8.24.2011

Cambodian Curry Soup


There are as many curries in the world as there are individual cooks. If I were the curator of a curry museum, I would place Makara Meng's Cambodian curry soup in the heart of the gallery. Click at right for the recipe and her incredible story.

Photo: Tim Greenway



8.23.2011

The Story


Makara’s Cambodian Curry

By Lindsay Sterling

Before you make Makara Meng’s Cambodian curry soup, I think you should know how it got here. The story starts when she was four years old and communist Khmer Rouge soldiers invaded her rural village. They divided her family by age and sex and placed them in separate labor camps, never to see each other again. In her camp, soldiers forced Makara and the other kids to wake at 5:00 a.m. to weed the rice fields. At noon, they were given their meal of the day: between 5 and 20 grains of rice in a bowl of water, depending on how well they behaved. Makara broke all sorts of rules, hiding foraged guavas in the waist of her pants and attempting to escape to see her mother. For this, once a soldier tied Makara to a rope and spent the evening kicking her like she was a football and pulling her back. Years into this horror, a bomb blast created sudden chaos in camp. Makara remembers even the soldiers scramming, and her seven-year-old-self just standing there, waiting for someone to rescue her.

“Makara? Is that you?” Came a voice. Makara was a bunch of child’s bones, barely held together by skin, unrecognizable to her own mother. The two escaped through the jungle and lived in refugee camps in different countries for six years. One day someone at the camp told them they were being sent to Boston to resettle. Their plane landed in January 1984. Makara and her mother were wearing flip-flops and rags. A guy named Bill helped them find proper clothes for the Boston winter and taught Makara about a little thing called a toothbrush. Because copper was a prized metal to them, when Makara’s mother first held a penny, she thought she had become instantly rich. Life in America wouldn’t be that easy. Makara learned how to go to school and speak English, how to run a sewing business, get married, have kids, get divorced. She learned how to move past the news that her kids were autistic, and that buying a vegetable farm in Florida had been a bad idea. She moved to Portland, Maine, to be with a friend, got remarried, had two more kids, and bought a store, Mittapheap world market, at 61 Washington Ave.

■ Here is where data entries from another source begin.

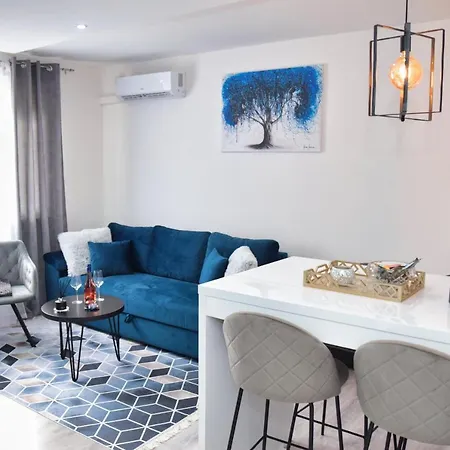 Apartament La Casa Jajce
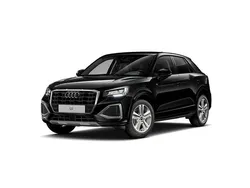Briljantzwart Nieuw 2025 Audi Q2 Advanced SUV | € 49.368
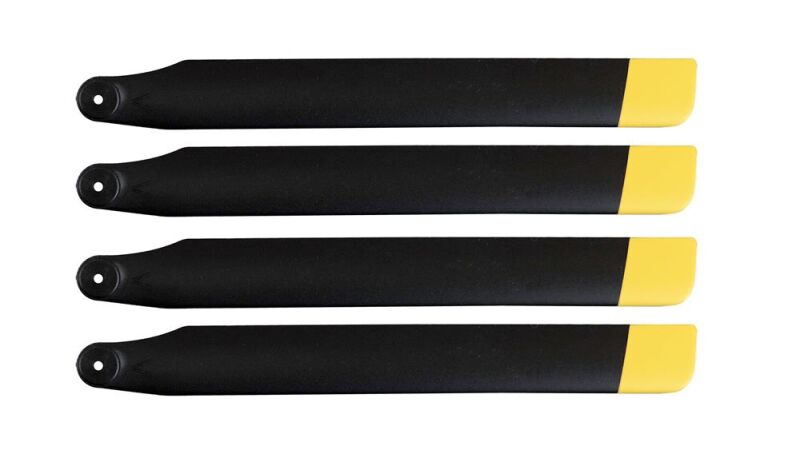 AMEWI / Rotorblatt Set AFX-135 / 057-25327-10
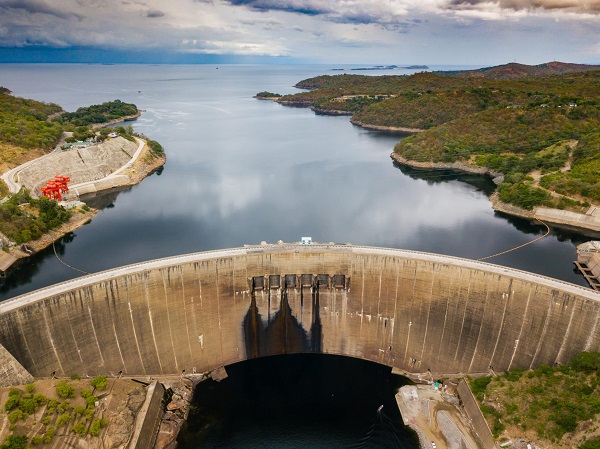 Batoka hydropower plant to be tendered afresh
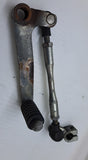 YZF600 Shifter and Shift Rod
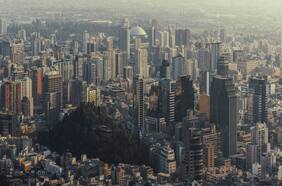 “Predominio de altas presiones”: el inesperado récord climático con que empezó julio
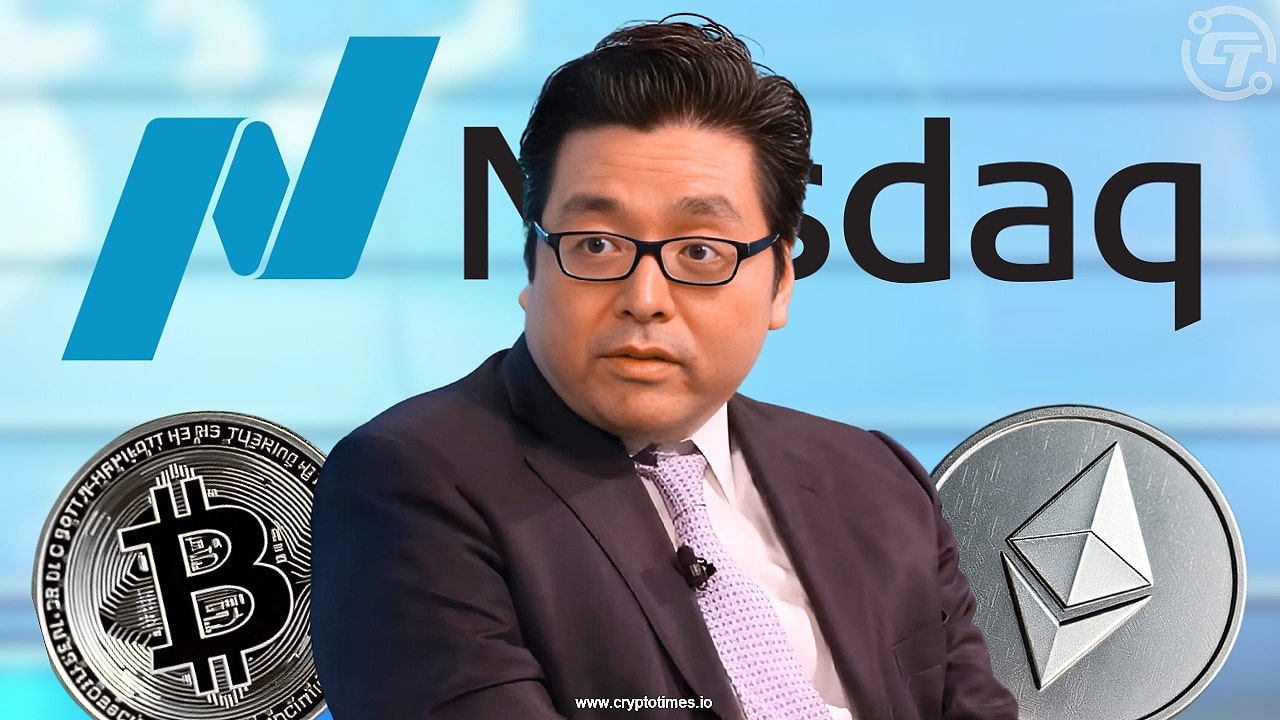 BTC, ETH, and Nasdaq 100 Will Benefit Most If Fed Cut Rates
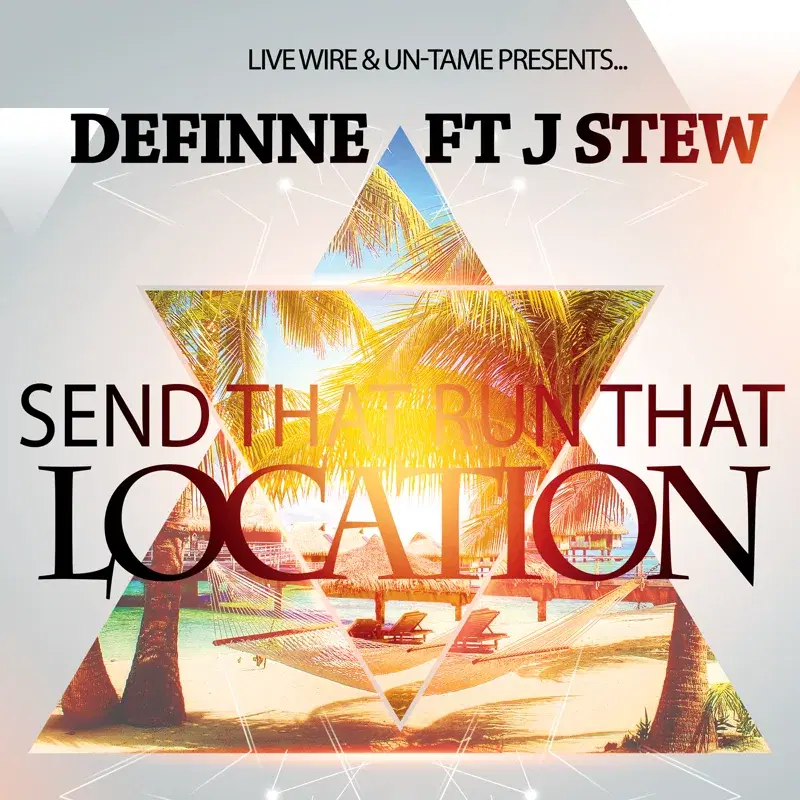 Send That Run That Location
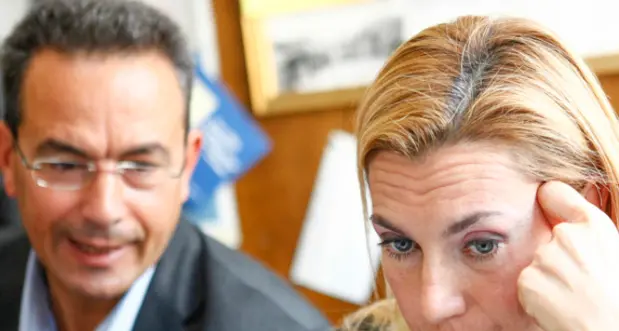 Italicum, FI ora minaccia lo stop del tesseramento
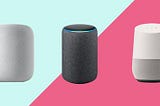 Our Very Own Wiretap? The Insecurity of Smart Speakers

It was there that Makara told me this story, in -- as a very strange God would have it - the rice isle. Because it’s what I do, I asked her if she would teach me a dish from her homeland. This Cambodian curry is a dish she and her mother made in her childhood before all that hell broke loose. Today the two of them make it, still together, in South Portland for family birthday parties. It’s bone-in chicken pieces, eggplant, yam, green beans and onion wedges all covered and wading in a thick red sauce. The key ingredient is homemade curry paste that Makara makes with fresh ingredients from her store: dried mild red chili peppers, fresh birds-eye chili peppers, galangal, lemongrass, shallots, garlic, salt, sugar, and fresh kaffir lime leaves. You cook this red curry paste with coconut milk, add the chicken, and then, once the chicken is cooked, add the vegetables. You serve it with baguette or super-thin noodles to help soak up the sauce, and a mountain of fresh, raw garnishes on top: bean sprouts, cucumbers, mint leaves, strips of green papaya and purple banana flower.

Funny, the name of this dish in Cambodian sounds like the English words, “Some law,” something I might say in an attempt to express how unbelievable the shit is in the world, and how unbelievable the good.

For detailed cooking instructions, see the links at right.

Mittapheap market is open 7 days a week, 9-7. 207-773-5523.



copyright Lindsay Sterling 2011




The Recipe


Cambodian Curry Soup

Some LAW

As Makara Meng, her mother, An I, and two friends, Saran Svay and Mom Hoeung, all from Cambodia, taught Lindsay Sterling in South Portland, Maine, July 2011

Serves 10
Cooking time: about 2 hours

Step 1: Make Curry Paste


10 4-6 inch long dried chili peppers (mildly spicey if at all; these are for the red color mostly)
10 shallots, peeled
2 heads garlic
5-10 fresh red birds-eye chili peppers or 2-3 habaneros
1 6-inch piece of galangal root
4 long stems fresh lemongrass
1 tsp coriander seeds
1 Tbsp cumin seeds
3 green cardomon pods or 1 tsp cardamon powder
20 fresh kaffir lime leaves
2 Tbsp salt
1/4 cup sugar

The night before or hours ahead, soak dried chili peppers in water to soften. Take off stems and put the soft flesh in food processor. Trim stems of fresh chilis and stick them in, too. Wash and cut lemongrass into 4-inch segments, then whack them hard with the side of a wide nife to unlock those delicious oils. Slice each crosswise into super-thin rounds before putting lemongrass into the blender or food processor. (I blew out my blender - it totally overheated like a car engine -- because the lemongrass, even cut up, was to much to handle. Makara's food processor could handle it, but if you want to avoid the risk, do what Saran does. Keep the lemongrass in long segments, and cook it in the soup in chunks like that. It's so tough, diners won't be able to eat it even if they try.) Likewise, help out your food processor by cutting the galangal into small chunks. I'd peel the skin off first, but I noticed Makara didn't bother! I love to toast spices for 30 seconds in a dry small saute pan to release the locked-up flavors. As soon as you smell them, they're done! Don't walk away for a second, though because they'll burn. Cut kaffir lime leaves into thick strips. Get all the ingredients in list, plus salt and sugar, into to food processor. Add a little water, maybe 1/2 cup to get the ingredients moving. You want to end up with a thick, red paste that's pretty smooth but not silky by any means.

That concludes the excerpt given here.